Notice the bagginess at the back crotch? It tells me there is extra fabric there. Now look at the pattern piece for the back:
It has a gently sloping curve, shaped like the letter J. Keep in mind that the flat fabric will make a 90 degree turn just below the double notch on this pattern, as it heads in between the legs to meet up with the front leg piece, so your bum doesn’t necessarily look like the flat pattern. Now let me show you what the actual curve of my kiester looks like overlaid on the pattern piece at the crotch line:
You can see that the my curve is far sharper than the curve in the pattern – more like a capital L. If I cut out the pattern as-is, I get a bunch of extra fabric hanging under my derriere, kind of like the model in the picture. It’s not attractive, and it’s not very comfortable.

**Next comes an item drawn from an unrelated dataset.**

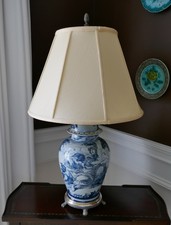 Antique italy savona for sale  Homer Glen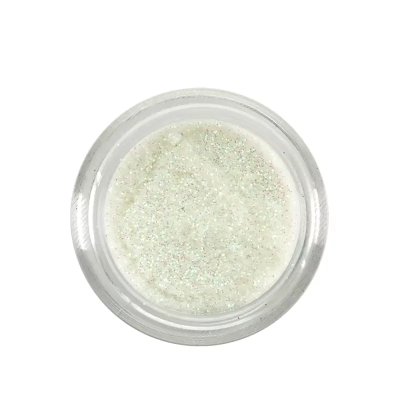 Glitter για τα Μάτια και το Σώμα MD Professionnel Glitter Green 4gr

But by scooping out some of that excess to more closely match my anatomy, I’ve eliminated that problem. Here’s the adjusted pattern piece from my McCalls 6707 pattern, overlaid on the Vogue. The actual cutting line for the McCalls is in pink.
I don’t have a picture of me in them from the back, but they conform to the line of moi quite well.
To give you one more picture, since it’s worth way more roughly 500 words I have here, here is a pair of old, pre-L pants that I made, next to the (post-L) McCalls 6707, so you can see the difference in the completed pants.
This adjustment is pretty easy to make. If you have a fitting buddy and a flexible ruler (available at most art supply, crafts and sewing stores), you can see what your own crotch line is: J, L or in-between, which you can transfer to a pants pattern. Try it on a muslin and see what you think of your rear view.
HTH, and happy sewing!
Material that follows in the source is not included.